### Supplied data ###

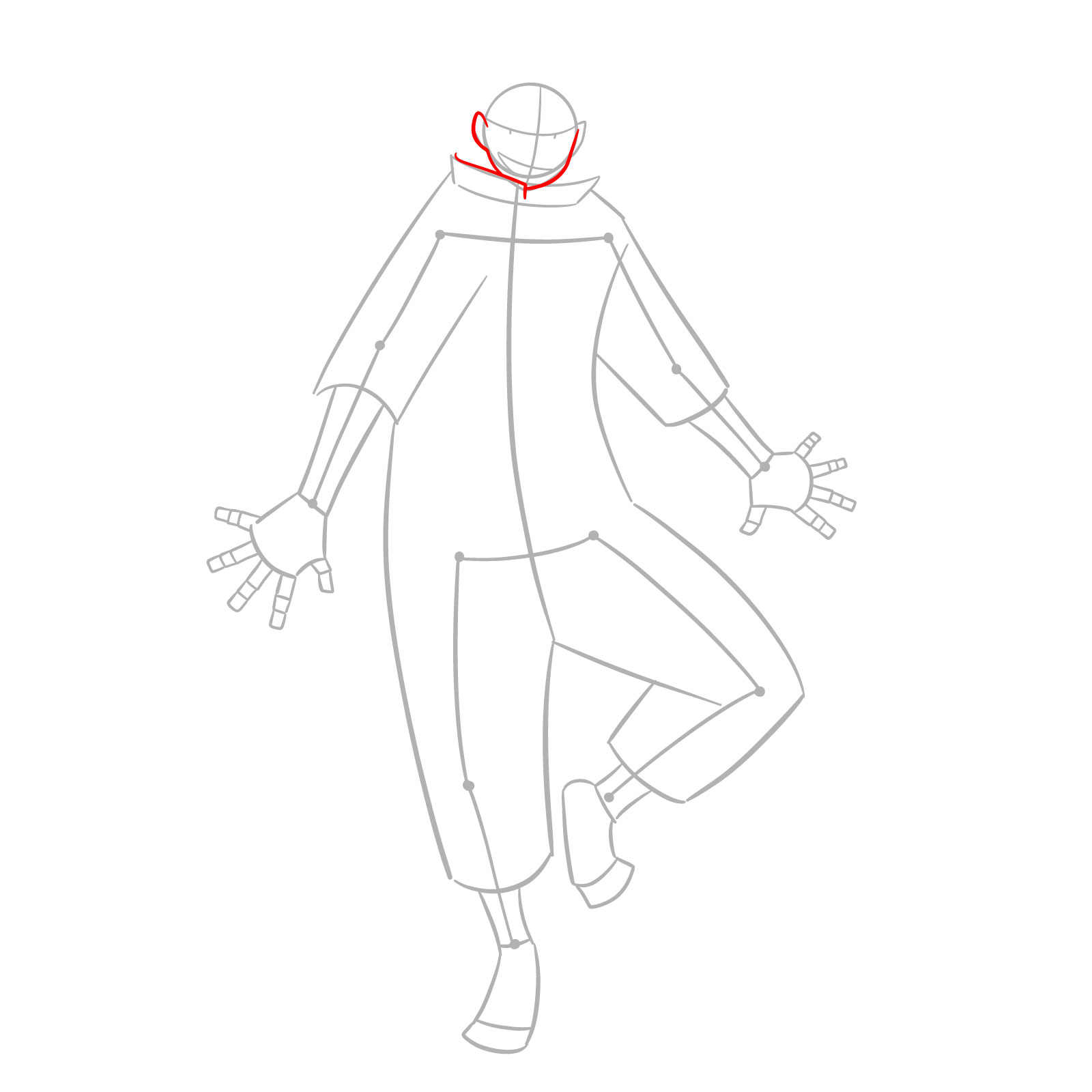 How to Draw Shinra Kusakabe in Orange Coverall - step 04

###
### Supplied data ###

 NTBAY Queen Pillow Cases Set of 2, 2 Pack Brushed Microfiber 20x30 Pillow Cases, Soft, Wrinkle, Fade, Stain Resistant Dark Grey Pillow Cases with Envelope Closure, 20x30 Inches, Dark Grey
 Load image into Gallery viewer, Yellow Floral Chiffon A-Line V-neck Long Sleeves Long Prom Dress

###

## What you need to do
Within the material above, copy exactly the lines from the line that holds "NTBAY Queen Pillow" up to and including the line that holds "Load image into".

## Answer to this task
 NTBAY Queen Pillow Cases Set of 2, 2 Pack Brushed Microfiber 20x30 Pillow Cases, Soft, Wrinkle, Fade, Stain Resistant Dark Grey Pillow Cases with Envelope Closure, 20x30 Inches, Dark Grey
 Load image into Gallery viewer, Yellow Floral Chiffon A-Line V-neck Long Sleeves Long Prom Dress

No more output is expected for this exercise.